The aim of a good teacher should, of course, be to make themselves redundant. If we are to properly educate others, we must enable them to become independent learners. There is currently widespread interest in fostering ‘independent learning’ among young children, as attested by a number of recent publications (Featherstone & Bayley, 2001; Williams, 2003) and, particularly within the Early Years phase of education, by the current enthusiasm for such approaches as Reggio Emilia and HighScope, both of which emphasise children’s autonomy and ownership of their learning, together with the value of making the processes of learning explicit to the child. This paper seeks to respond to this interest in two ways. Firstly, by examining the psychological and educational research literature for work which might inform our understanding about the nature of independent learning. And secondly, by reporting on the interim findings of a two-year research project exploring the development of independent learning capabilities in children aged 3-5 years.

The Education Policy Context

Recent initiatives, circulars and curriculum documents from various government agencies have given prominence to the idea of independent learning. They have also offered a range of suggestions as to what it might involve.
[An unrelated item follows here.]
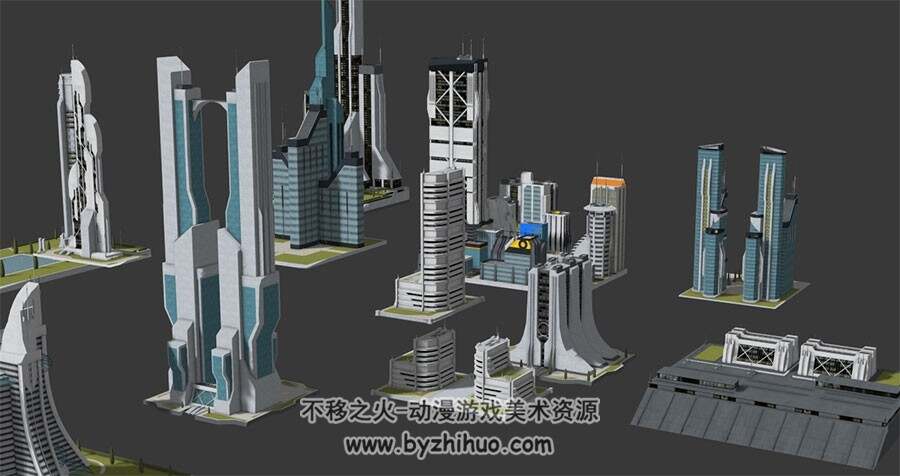 4组现代感极强的场景3D建筑模型 摩天大厦科研基地应有尽有 3种格式下载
In the recent set of QTS Standards entitled Qualifying to Teach (DfEE/ TTA, 2002), for example, teacher trainees are required under Standard S3.3.3 'Delivering effective lessons' to 'make learning objectives clear to pupils' and 'promote active and independent learning that enables pupils to think for them selves, and to plan and manage their own learning'.

The OFSTED Handbook for the Guidance on the Inspection of Nursery and Primary Schools (1995), however, offers a rather different slant:

'Pupils should:

• show initiative and be willing to take responsibility

• show interest in their work and be able to sustain concentration and develop their capacity for personal study

• have an ability to select and use relevant resources

and that there should be

• opportunities for pupils to take on responsibility, demonstrate initiative ....'

At the level of curriculum, in the Curriculum Guidance for the Foundation Stage (DfEE/QCA, 2000), which established the new curriculum for children between 3-5 years of age, one of the stated 'Principles for early years education' (p.3) is that there should be 'opportunities for children to engage in activities planned by adults and also those that they plan and initiate themselves'. Again within the Personal and Social and Emotional Development area of learning, practitioners are enjoined to give particular attention to:

  • 'ensuring that there is time and space for children to focus on activities and experiences and develop their own interests
  • planning experiences that help children develop autonomy and the disposition to learn
  • planning for the development of independence skills ...'(p.28)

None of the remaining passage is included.